Is there ever a reason not to participate in an employer’s 401(k)? Does she have any other good options?
My wife is in her mid-40s and we’re middle class. Thanks for any guidance you can provide.
— Dan Deliberates
Without a company match, the most compelling reason to contribute to a 401(k) plan versus a traditional or Roth IRA is the 401(k) plan’s higher contribution limits. If account fees and expenses are high, the employee might choose to split retirement contributions between the 401(k) and an IRA.
Because she’s eligible to participate in the firm’s 401(k) plan, she may be limited in her ability to make tax-deductible contributions to a traditional IRA. Even if she can’t make tax-deductible contributions to the traditional IRA, she may still make after-tax contributions to a Roth IRA.
There are income limitations on contributions to a Roth IRA. Funds held in a traditional IRA, however, may be converted to a Roth IRA, regardless of income levels.

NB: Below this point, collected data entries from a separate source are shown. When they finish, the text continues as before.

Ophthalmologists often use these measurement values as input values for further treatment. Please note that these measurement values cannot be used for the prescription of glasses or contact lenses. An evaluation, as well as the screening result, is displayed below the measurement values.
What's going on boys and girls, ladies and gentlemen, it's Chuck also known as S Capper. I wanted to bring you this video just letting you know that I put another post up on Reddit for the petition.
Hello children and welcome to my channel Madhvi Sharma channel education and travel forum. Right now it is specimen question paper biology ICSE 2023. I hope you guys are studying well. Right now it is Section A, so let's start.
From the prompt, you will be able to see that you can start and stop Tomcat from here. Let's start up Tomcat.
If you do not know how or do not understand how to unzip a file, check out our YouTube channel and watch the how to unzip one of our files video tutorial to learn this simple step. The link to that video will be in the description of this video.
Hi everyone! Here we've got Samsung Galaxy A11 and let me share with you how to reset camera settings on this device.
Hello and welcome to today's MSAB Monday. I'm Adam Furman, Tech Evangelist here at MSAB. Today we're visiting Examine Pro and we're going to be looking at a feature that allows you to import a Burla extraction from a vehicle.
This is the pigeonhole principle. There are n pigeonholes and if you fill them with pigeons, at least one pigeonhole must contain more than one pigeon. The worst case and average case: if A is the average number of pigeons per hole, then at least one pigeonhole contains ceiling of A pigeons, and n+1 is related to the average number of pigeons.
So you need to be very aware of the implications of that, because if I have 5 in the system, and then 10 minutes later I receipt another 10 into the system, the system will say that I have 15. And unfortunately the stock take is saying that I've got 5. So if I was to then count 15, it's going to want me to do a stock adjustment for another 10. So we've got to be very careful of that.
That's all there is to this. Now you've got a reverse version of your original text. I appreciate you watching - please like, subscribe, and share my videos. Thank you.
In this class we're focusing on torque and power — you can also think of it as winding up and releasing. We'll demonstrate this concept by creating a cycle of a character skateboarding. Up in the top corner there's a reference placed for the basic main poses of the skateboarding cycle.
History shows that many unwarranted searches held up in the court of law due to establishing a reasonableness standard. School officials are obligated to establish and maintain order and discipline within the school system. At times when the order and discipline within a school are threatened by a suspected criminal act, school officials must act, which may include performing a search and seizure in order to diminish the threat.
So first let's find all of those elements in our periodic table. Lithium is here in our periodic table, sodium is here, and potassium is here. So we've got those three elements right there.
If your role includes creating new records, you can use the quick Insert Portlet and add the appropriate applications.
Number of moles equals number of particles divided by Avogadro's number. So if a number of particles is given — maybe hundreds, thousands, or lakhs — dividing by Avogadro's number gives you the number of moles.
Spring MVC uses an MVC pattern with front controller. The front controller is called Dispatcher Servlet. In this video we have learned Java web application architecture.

The 401(k) plan’s fiduciaries have responsibility concerning the 401(k) plan’s fees and expenses. These folks help administer and manage the plan. Participants, such as your wife, can certainly try to influence decisions made on fees and investment choices. Plan participants have the right to see the Summary Plan Description and periodic Individual Benefit Statements. This information will tell you the names of a plan’s fiduciaries, who are the people to contact for further questions or comments.